RECORDED INFORMATION →

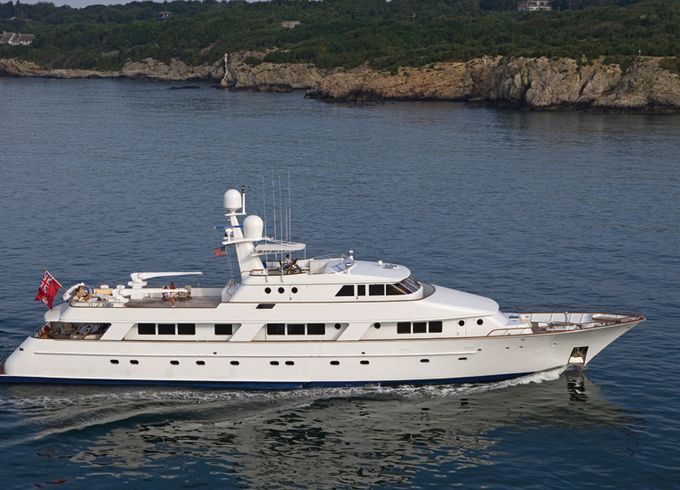 M/Y Rena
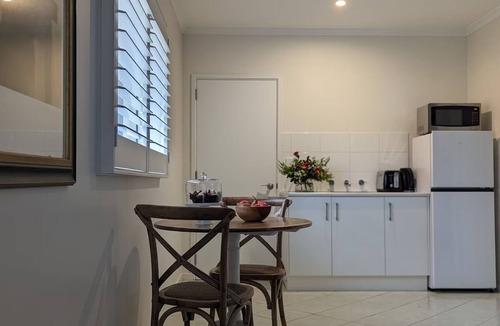 Beechworth Apartment | Studio at Beechworth next to the forest. Pet friendly but please let us know. n.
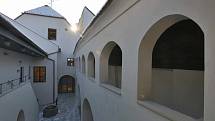 Město Třeboň opravilo původně gotický dům na Masarykově náměstí, který patřil rybníkáři Štěpánku Netolickému. Bude sloužit pro pořádání výstav a koncertů. Město získalo na rekonstrukci grant 31 milionů korun.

EXERCISE DETAILS → Without any of its images, the data above should be returned exactly.

TASK SOLUTION →
 M/Y Rena
 Beechworth Apartment | Studio at Beechworth next to the forest. Pet friendly but please let us know. n.
 Město Třeboň opravilo původně gotický dům na Masarykově náměstí, který patřil rybníkáři Štěpánku Netolickému. Bude sloužit pro pořádání výstav a koncertů. Město získalo na rekonstrukci grant 31 milionů korun.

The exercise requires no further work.